> [Required action]
Please set down each of the lines below once more, exactly, omitting all pictures.
(The data)
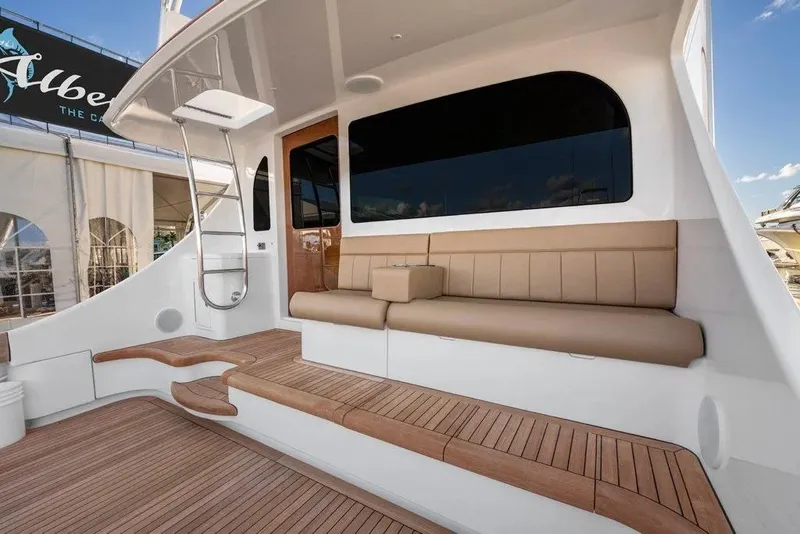 Slide: The Image of Luxurious 2026 Albemarle 53 Spencer yacht with elegant seating and teak flooring. - 13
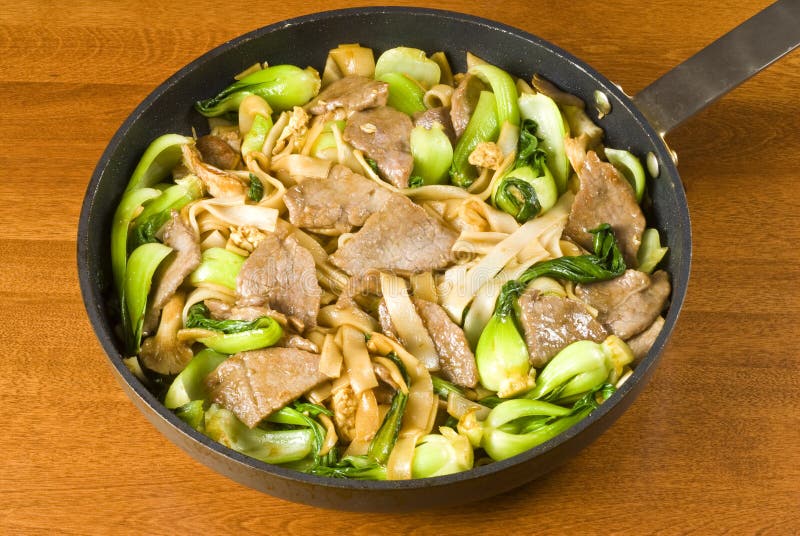 Rice Noodles and Beef Stir Fry Stock Image - Image of sliced, colored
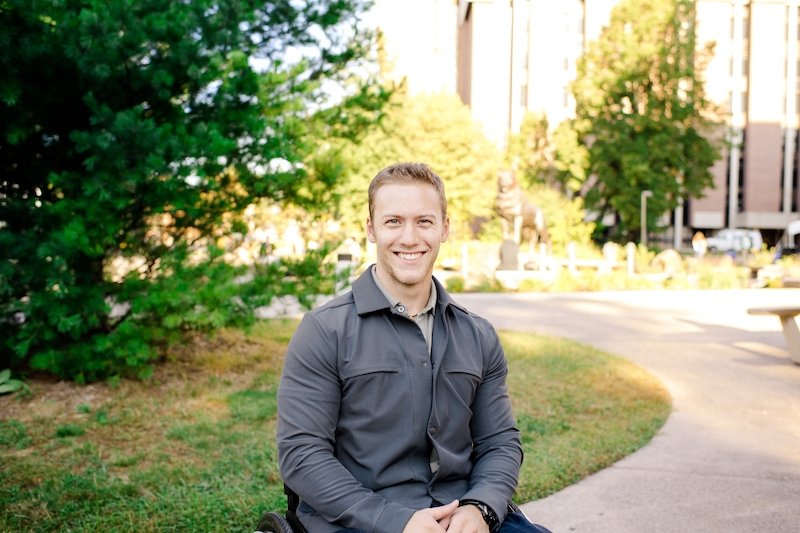 A young man sits smiling behind the Husky Statue on a college campus.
(End The data)
> [Answer for the task]
 Slide: The Image of Luxurious 2026 Albemarle 53 Spencer yacht with elegant seating and teak flooring. - 13
 Rice Noodles and Beef Stir Fry Stock Image - Image of sliced, colored
 A young man sits smiling behind the Husky Statue on a college campus.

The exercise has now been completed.